Archive for the ‘america’ tag
Searching For Hope in North Korea #
The Economist’s Asia.view column does a good job profiling America’s recent history of human rights advocacy in North Korea, as well as assessing China’s push for “corporate social responsibility” within its factories there. My favorite part, if only because I share the mentioned speakers feelings, was this bit:
And a documentary film which shows two ragged young men singing a song called “Our Father, Kim Jong Il”, in praise of the country’s dictator, hears one of them comment “Pretty lousy father”—a rare crack in the facade of national devotion.
None of this gives much cause for hope. But as one conference speaker put it, it is better to be an optimist and wrong than a pessimist and right. In North Korea, it is also harder.
America, Petrol and Biofuels #
The most recent Tech.view column over at The Economist is both long and meandering.

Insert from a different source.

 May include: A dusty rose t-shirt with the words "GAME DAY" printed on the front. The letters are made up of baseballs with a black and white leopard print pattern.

Though that makes it hard to draw a single conclusion from it, it’s got a lot of interesting tidbits about America’s crazy policies for determining if a car or fuel is “green.” Take this, for example, which explains how CAFE standards are calculated (something I didn’t know), and how E85’s even worse than higher fuel prices:
Car companies in America get a fuel-economy credit for every flex-fuel vehicle they sell. The government rates the fuel economy of flex-fuel vehicles at about 165% the miles per gallon (mpg) they would get on straight petrol. In reality, vehicles running on E85 get 25-30% fewer mpg than their petrol equivalents.
As it costs only $200 to turn a conventional car or light truck into a flex-fuel vehicle, the industry can save itself billions in potential fines that would otherwise accrue for failing to meet the government’s CAFE (corporate average fuel economy) requirements. CAFE is the sales-weighted average mpg figure for all the cars or light trucks a manufacturer sells in any given model year.

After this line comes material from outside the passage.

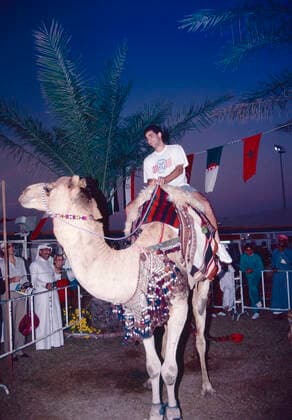 American tennis player Pete Sampras riding a camel, Qatar 1990s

The Afterlife of Cellphones #
Who knew electronic waste could be compelling? Jon Mooallem fascinating and wide-ranging piece about what happens after cellphones are thrown away, in this weeks New York Times Magazine, did it for me. I’ll call it compelling.
As with most environmental issues, then, no option for getting rid of a phone is free of trade-offs, and nothing is as simple as we’d wish. But the truth is, few of America’s phones are turned in for “recycling” in the first place. (It’s unclear how few. The figure of less than 1 percent, put forward in a groundbreaking report on phone recycling by the nonprofit Inform five years ago, is still repeated. ReCellular estimates that it’s more like 10 percent now.) While a phone’s small size may give even normally conscientious consumers a dispensation to slip it into the trash, there seems to be a more typical solution, what ABI Research estimates nearly half of Americans do: stick the thing in a desk drawer and leave it there.